The critical battle occurred in April 1538 at Las Salinas (the salt mines), outside Cuzco. It was a site where the road goes uphill, leaving a swamp on one side and a narrow but flat place on the other. The clever if footloose courtier Enríquez de Guzmán, still with Almagro, wrote that, though the encampments of the two armies were close, one was in summer, the other in winter, for Almagro was at Huaytara, in the sierra, while Pizarro was below. In the sierra, it rained or snowed half the year, while on the coast there was no water.
Suffering from a fever, Almagro could not himself fight at Las Salinas. He left his command to Orgóñez, who had with him four infantry captains. He had two cavalry detachments. Hernando Pizarro’s cavalry was divided into two also, led by Diego de Rojas and Alvarado on one side, and himself with Gonzalo, his brother, on the other. His infantry was controlled by Diego de Cerbina (pikes) and Castro from Portugal (arquebuses). Thus an Alvarado was to be found on each side, a characteristic feature of those tragic days.
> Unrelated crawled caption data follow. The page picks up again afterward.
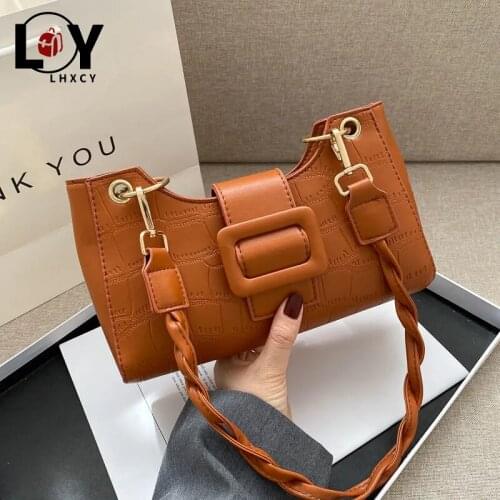 White Crossbody Bags For Women Pu Leather Handbags Small Tote Bags Female Stone Pattern Shoulder Messenger Bags Sac Femme 2021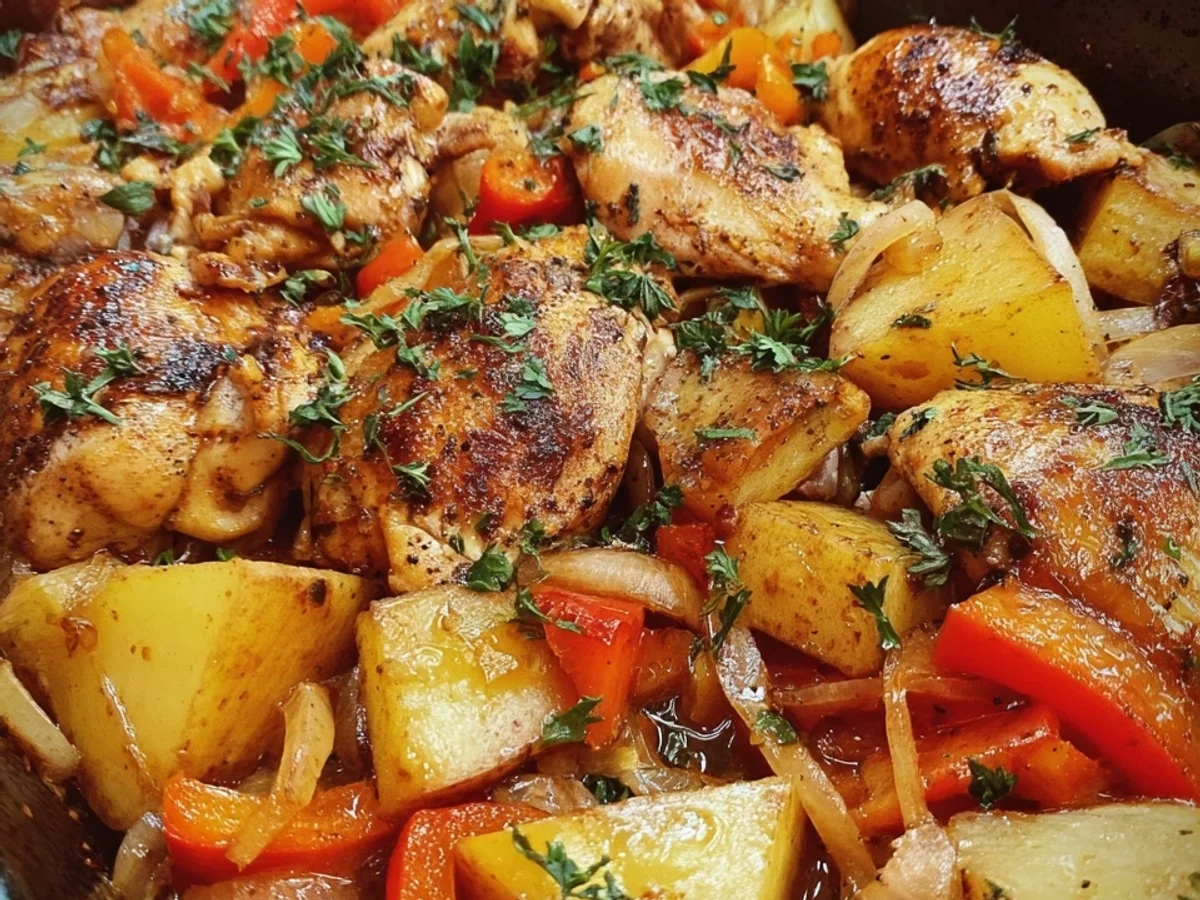 Hähnchen-Ofengericht mit Kartoffeln & Paprika - Bild 2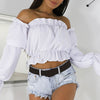 Image of Candy Color Off Shoulder Crop Tops women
First, Orgóñez ordered a cavalry detachment to attack the Pizarros’ pikemen and arquebusiers. But Pizarro’s men were by then well established in the swamp, which held up t
he cavalry of Almagro. They charged all the same. Hernando Pizarro and Pedro de Lerma, one of Almagro’s more important commanders, were met with lances, and the first named was wounded. But Almagro’s commander was blinded before being killed. Enríquez de Guzmán was wounded when his horse fell into a ravine.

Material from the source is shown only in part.